What you have to do: Copy out all the entries word for word.
((
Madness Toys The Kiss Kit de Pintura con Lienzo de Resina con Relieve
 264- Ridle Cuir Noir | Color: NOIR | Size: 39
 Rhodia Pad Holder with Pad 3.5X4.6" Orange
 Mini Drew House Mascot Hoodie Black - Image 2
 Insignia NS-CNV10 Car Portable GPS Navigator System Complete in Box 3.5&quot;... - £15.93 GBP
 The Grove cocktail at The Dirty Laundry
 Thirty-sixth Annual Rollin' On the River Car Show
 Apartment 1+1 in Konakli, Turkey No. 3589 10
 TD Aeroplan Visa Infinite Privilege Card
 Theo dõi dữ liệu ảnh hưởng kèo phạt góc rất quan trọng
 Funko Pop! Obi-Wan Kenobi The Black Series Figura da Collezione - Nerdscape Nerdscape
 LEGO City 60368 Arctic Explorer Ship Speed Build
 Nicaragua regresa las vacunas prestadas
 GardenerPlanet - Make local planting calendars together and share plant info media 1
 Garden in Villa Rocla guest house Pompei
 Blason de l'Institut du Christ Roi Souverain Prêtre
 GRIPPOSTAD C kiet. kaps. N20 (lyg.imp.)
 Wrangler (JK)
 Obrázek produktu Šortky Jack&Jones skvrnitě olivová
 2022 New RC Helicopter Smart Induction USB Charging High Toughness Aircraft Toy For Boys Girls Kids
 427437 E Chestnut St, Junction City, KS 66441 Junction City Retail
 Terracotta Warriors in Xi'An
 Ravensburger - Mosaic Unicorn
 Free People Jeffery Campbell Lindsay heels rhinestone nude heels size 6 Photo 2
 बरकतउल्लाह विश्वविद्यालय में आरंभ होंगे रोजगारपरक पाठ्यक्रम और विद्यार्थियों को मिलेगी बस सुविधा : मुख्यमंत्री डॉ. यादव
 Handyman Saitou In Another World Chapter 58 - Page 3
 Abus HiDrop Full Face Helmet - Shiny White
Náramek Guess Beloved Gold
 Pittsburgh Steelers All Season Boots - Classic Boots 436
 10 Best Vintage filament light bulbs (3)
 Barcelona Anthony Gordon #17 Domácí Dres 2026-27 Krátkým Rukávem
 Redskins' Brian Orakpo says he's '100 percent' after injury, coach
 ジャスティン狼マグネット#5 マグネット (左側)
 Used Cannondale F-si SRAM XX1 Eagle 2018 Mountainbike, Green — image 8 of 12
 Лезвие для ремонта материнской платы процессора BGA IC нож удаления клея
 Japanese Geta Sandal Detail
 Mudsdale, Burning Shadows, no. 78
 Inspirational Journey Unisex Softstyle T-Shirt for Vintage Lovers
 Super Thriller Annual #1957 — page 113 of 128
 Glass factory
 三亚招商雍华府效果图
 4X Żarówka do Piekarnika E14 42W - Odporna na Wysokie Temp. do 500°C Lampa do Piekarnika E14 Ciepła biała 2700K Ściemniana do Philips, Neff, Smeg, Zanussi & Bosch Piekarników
))
Solution for this problem:
Madness Toys The Kiss Kit de Pintura con Lienzo de Resina con Relieve
 264- Ridle Cuir Noir | Color: NOIR | Size: 39
 Rhodia Pad Holder with Pad 3.5X4.6" Orange
 Mini Drew House Mascot Hoodie Black - Image 2
 Insignia NS-CNV10 Car Portable GPS Navigator System Complete in Box 3.5&quot;... - £15.93 GBP
 The Grove cocktail at The Dirty Laundry
 Thirty-sixth Annual Rollin' On the River Car Show
 Apartment 1+1 in Konakli, Turkey No. 3589 10
 TD Aeroplan Visa Infinite Privilege Card
 Theo dõi dữ liệu ảnh hưởng kèo phạt góc rất quan trọng
 Funko Pop! Obi-Wan Kenobi The Black Series Figura da Collezione - Nerdscape Nerdscape
 LEGO City 60368 Arctic Explorer Ship Speed Build
 Nicaragua regresa las vacunas prestadas
 GardenerPlanet - Make local planting calendars together and share plant info media 1
 Garden in Villa Rocla guest house Pompei
 Blason de l'Institut du Christ Roi Souverain Prêtre
 GRIPPOSTAD C kiet. kaps. N20 (lyg.imp.)
 Wrangler (JK)
 Obrázek produktu Šortky Jack&Jones skvrnitě olivová
 2022 New RC Helicopter Smart Induction USB Charging High Toughness Aircraft Toy For Boys Girls Kids
 427437 E Chestnut St, Junction City, KS 66441 Junction City Retail
 Terracotta Warriors in Xi'An
 Ravensburger - Mosaic Unicorn
 Free People Jeffery Campbell Lindsay heels rhinestone nude heels size 6 Photo 2
 बरकतउल्लाह विश्वविद्यालय में आरंभ होंगे रोजगारपरक पाठ्यक्रम और विद्यार्थियों को मिलेगी बस सुविधा : मुख्यमंत्री डॉ. यादव
 Handyman Saitou In Another World Chapter 58 - Page 3
 Abus HiDrop Full Face Helmet - Shiny White
Náramek Guess Beloved Gold
 Pittsburgh Steelers All Season Boots - Classic Boots 436
 10 Best Vintage filament light bulbs (3)
 Barcelona Anthony Gordon #17 Domácí Dres 2026-27 Krátkým Rukávem
 Redskins' Brian Orakpo says he's '100 percent' after injury, coach
 ジャスティン狼マグネット#5 マグネット (左側)
 Used Cannondale F-si SRAM XX1 Eagle 2018 Mountainbike, Green — image 8 of 12
 Лезвие для ремонта материнской платы процессора BGA IC нож удаления клея
 Japanese Geta Sandal Detail
 Mudsdale, Burning Shadows, no. 78
 Inspirational Journey Unisex Softstyle T-Shirt for Vintage Lovers
 Super Thriller Annual #1957 — page 113 of 128
 Glass factory
 三亚招商雍华府效果图
 4X Żarówka do Piekarnika E14 42W - Odporna na Wysokie Temp. do 500°C Lampa do Piekarnika E14 Ciepła biała 2700K Ściemniana do Philips, Neff, Smeg, Zanussi & Bosch Piekarników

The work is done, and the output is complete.